Se sabe también colaboradora de quien se forma. El término “formadora”
no debe engañarnos. Se puede dar forma desde fuera a una vasija de barro; pero
cuando se trata de una persona, la forma surge desde dentro. El formador no
"forma", sino "ayuda a formarse". Eso significa que no debe
exigir sin motivar, guiar sin iluminar, diseñar a ciegas un molde e
imponerlo, a ciegas, a todas por igual. Pero significa también que no puede
sin más lavarse las manos y dejar que la barca flote a la deriva. Ella tiene
un papel activo, imprescindible.

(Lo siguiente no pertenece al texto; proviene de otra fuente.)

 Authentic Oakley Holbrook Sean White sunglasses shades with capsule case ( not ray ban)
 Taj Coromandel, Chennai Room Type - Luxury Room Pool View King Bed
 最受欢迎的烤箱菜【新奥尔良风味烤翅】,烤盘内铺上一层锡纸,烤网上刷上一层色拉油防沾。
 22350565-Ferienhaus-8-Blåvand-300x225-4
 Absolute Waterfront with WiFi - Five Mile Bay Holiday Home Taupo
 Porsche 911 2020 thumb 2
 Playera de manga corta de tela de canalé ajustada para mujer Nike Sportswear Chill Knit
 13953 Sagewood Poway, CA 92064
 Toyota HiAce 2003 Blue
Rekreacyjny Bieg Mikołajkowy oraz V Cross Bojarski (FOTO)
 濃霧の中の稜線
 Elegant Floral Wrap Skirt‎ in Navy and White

Sólo que su papel consistirá sobre todo en
lograr que la mujer cuya formación se le ha encomendado asuma plenamente su
propio papel, que quiera formarse y trabaje personal y responsablemente en su
formación. El éxito de la labor de una formadora comienza cuando logra
suscitar la iniciativa consciente y libre de quien está en formación, de modo
que ésta tome las riendas de su propia formación, en la docilidad al Espíritu
Santo y a las orientaciones de la formadora misma.

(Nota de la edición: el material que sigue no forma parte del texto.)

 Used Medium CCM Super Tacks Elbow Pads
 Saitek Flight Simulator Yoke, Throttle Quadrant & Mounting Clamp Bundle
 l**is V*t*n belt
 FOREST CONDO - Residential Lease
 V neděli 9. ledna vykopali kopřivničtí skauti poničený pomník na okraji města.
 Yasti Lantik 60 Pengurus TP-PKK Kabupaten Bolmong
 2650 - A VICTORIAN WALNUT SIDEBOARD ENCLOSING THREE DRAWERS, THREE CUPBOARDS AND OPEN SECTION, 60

Algunas cualidades de la formadora
Debe poseer, ante todo, un profundo y vital conocimiento del Santo Evangelio,
para saber enmarcar toda su actividad en un marco cristocéntrico, para que sus
criterios resumen la savia evangélica, su modo de comportarse sea transparente
y haga manifiesta su transformación en Cristo.
Debe conocer, en segundo lugar, con no menor profundidad y vivirla con toda
amplitud de exigencia, las Constituciones y Santas Reglas de su Orden o
Congregación. Debe sentir hondamente est a exigencia de conocerlas y vivirlas
para después poder exigirlas a las demás.
Necesita ser muy humilde, tanto en sus relaciones con sus Superioras Mayores,
como con sus súbditas; aquí el ideal no puede ser otro sino el "manso y
humilde de corazón" de Cristo.
Como manifestación de su humildad, la formadora debe ser en teoría y en la
práctica la primera y máxima "servidora de todas"; al igual que Cristo,
estando siempre en manos de sus Superioras en postura de total disponibilidad,
sin condiciones, sin exigencias, sin resentimientos.
Debe tener mucha paciencia, teniendo siempre presente que está trabajando con
personas, con seres humanos débiles y cambiantes, con voluntades ricas y a
veces flojas, con libertades y sensibilidades particulares. Hay que saber
esperar la hora de Dios sobre ellas, hay que animar siempre, manteniendo la
esperanza del triunfo. Formar a un ser humano es muy difícil, pues no siempre
somos piedra dócil que se dej a golpear por el artista. El ser humano es
libre, y se duele ante los golpes y se rebela, gime y rechaza la mano que le
ayuda.
Debe esforzarse por alcanzar ese difícil arte de saber tratar a las almas que
le estén confiadas con suavidad, prudencia, y al mismo tiempo con energía,
excluyendo cuanto sepa a condescendencia con imperfecciones, bonachonería,
blandenguería o miedo al qué dirán.
Debe imitar a Jesucristo, “Buen Pastor”, quien conoce de nombre a sus
ovejas y da la vida por ellas.
Por todo esto, para ser una buena formadora, hay que ser una mujer llena de
Dios, cuya vida esté fundada en las virtudes teologales - de tal manera que
camine siempre por la senda de una fe viva, operante y luminosa, que le
permita ser fiel y perseverar hasta la muerte en medio de las dificultades y
luchas que le exija el fiel cumplimiento de la voluntad de Dios sobre su vida;
por la senda de una esperanza gozosa e inquebrantable, que le llene de la
seguridad qu e sólo Dios puede dar; y por la senda de un amor ardiente y
generoso que le haga comprender cuán amable es Dios y le lleva al sacrificio
heroico de sí misma por la salvación de las almas y en particular el bien de
las almas que le han sido encomendadas.